* _Exercise details_: Using the records that appear below, write out exactly the lines from the one with "Two-story great room" through the one with "Molecules on a", keeping both end lines.

* _Dataset records_:
....................

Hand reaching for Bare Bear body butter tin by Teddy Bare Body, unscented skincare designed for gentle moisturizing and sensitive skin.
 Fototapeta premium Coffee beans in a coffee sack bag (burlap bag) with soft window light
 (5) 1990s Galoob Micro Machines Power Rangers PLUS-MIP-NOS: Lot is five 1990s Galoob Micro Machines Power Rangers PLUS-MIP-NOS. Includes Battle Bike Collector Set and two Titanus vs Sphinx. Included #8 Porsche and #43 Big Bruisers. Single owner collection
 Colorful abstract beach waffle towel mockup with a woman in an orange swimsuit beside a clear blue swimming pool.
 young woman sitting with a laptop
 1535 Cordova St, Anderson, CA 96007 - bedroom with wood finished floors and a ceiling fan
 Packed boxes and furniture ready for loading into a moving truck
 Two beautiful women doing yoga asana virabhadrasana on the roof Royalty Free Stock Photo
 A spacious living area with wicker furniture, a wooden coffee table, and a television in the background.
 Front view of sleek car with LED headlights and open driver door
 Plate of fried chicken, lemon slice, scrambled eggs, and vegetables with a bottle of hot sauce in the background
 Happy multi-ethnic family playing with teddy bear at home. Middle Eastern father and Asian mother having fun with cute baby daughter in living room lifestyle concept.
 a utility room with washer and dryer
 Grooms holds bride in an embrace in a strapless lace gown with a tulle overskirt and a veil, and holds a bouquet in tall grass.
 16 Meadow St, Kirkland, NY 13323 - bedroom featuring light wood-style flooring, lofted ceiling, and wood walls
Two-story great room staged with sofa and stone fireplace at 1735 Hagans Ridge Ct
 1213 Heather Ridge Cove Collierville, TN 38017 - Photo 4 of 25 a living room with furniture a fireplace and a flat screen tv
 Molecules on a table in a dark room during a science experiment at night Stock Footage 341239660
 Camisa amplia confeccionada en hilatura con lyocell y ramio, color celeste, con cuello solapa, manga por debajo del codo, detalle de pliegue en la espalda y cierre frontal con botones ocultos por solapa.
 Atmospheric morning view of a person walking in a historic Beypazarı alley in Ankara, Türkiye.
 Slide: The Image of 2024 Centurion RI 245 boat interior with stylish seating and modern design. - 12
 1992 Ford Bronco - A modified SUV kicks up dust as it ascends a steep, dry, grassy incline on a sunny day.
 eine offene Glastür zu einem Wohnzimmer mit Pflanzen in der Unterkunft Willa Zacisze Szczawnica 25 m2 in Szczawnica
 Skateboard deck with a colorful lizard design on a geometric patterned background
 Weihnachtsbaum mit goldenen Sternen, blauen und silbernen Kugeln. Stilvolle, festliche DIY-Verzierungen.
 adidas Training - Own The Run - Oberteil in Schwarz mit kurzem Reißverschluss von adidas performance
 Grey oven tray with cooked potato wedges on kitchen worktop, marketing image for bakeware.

....................

* _Output for this exercise_:
Two-story great room staged with sofa and stone fireplace at 1735 Hagans Ridge Ct
 1213 Heather Ridge Cove Collierville, TN 38017 - Photo 4 of 25 a living room with furniture a fireplace and a flat screen tv
 Molecules on a table in a dark room during a science experiment at night Stock Footage 341239660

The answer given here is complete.